Keine Panne bis hierhin. Nein?! Kommt aber noch! 20 Kilometer vor München, ich habe ein letztes mal getankt, geht plötzlich die Ladestromleuchte nicht mehr aus. Grob überschlagen müsste die Batterie noch soviel Ladung haben, daß ich mit Licht, denn es ist jetzt schon dunkel, genau bis nach Hause komme, Zündung kost' ja nix!

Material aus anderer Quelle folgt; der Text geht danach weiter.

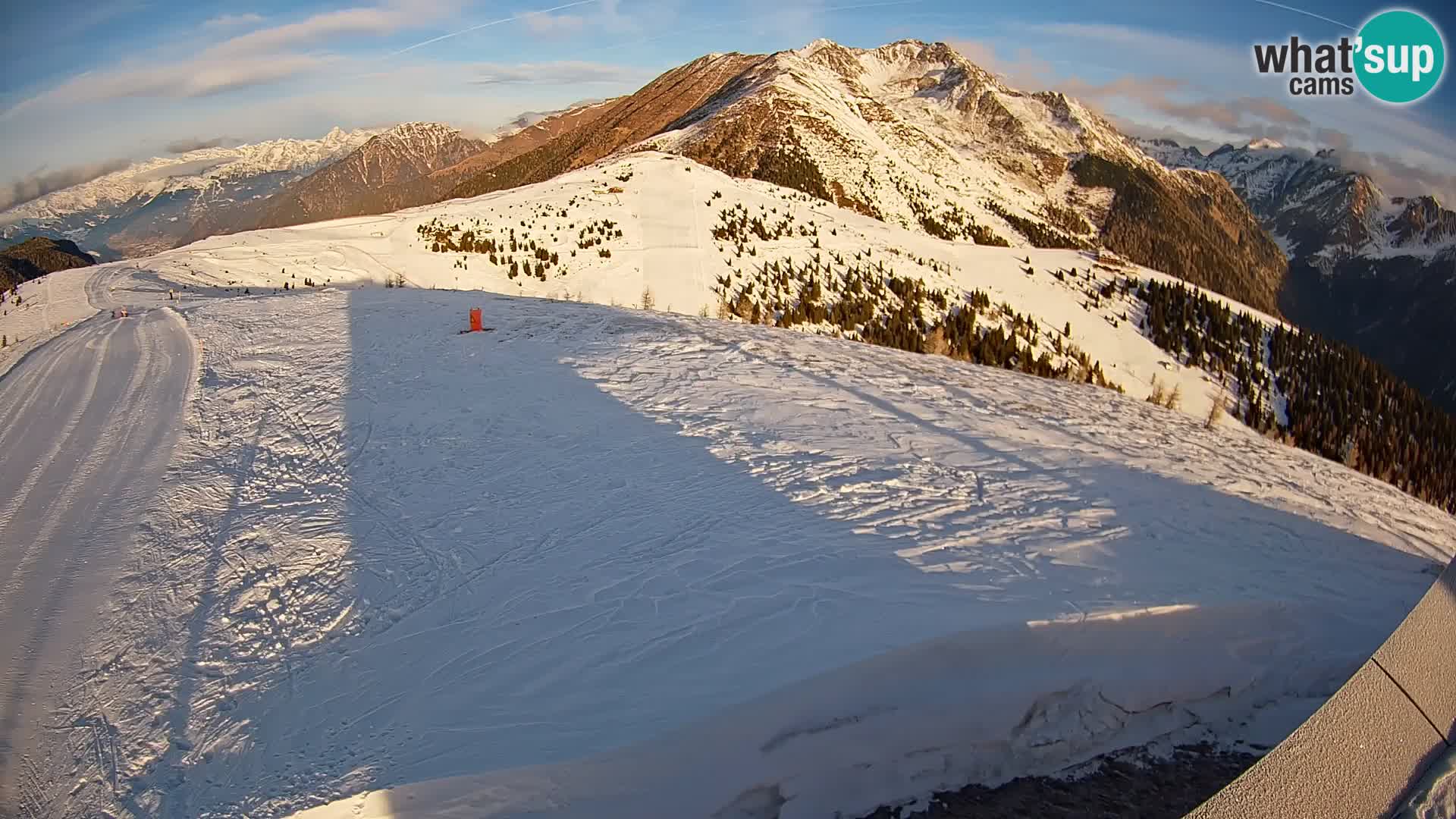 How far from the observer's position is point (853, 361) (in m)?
12.2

Ich muß mich halt beeilen und verfahre mich irgendwo in den Münchner Suburbs. Licht aus, Strom weg, Motor aus. Fuck! Neubert Müller meint, die Kohlen klemmen, das meine ich auch, aber verdammt... hätte ich doch längst mal die Kreuzschlitzschrauben an der Lima-Seite auf Innensechskant umgerüstet. Mit dem popeligen Bordschraubenzieher kriege ich die jedenfalls nicht auf. aber Not macht ja bekanntlich erfinderisch. Die letzten fünf Kilometer fahre ich mit Notbeleuchtung, ich hatte doch noch diese kleine Taschenlampe einstecken... Und immer schön mit 3000 U/Min an jeder roten Ampel warten, damit die Lima genug Strom für die Zündung hergibt. Das sah schon ziemlich krass aus. Aber was tut man nicht alles, um nicht schieben zu müssen.

 

notbeleuchtung mit kleiner taschenlampe

Alles in Allem kann ich diese Tour nur jedem empfehlen, der sein Moped mal ein bischen scheuchen möchte. Es gibt sicherlich bessere Zeiten, einmal nicht unbedingt an Ostern, weil in Italien dann jeder bei Mama feiert und zweitens kann ich zur Nachahmung bei angenehmeren Temperaturen nur aufmuntern.
Ansonsten kommen MZs in Italien ziemlich gut an, wundersamerweise kennt die da niemand und das bestärkt das Gefühl endlich zu der Person geworden zu sein, vor der Dich schon immer alle gewarnt haben.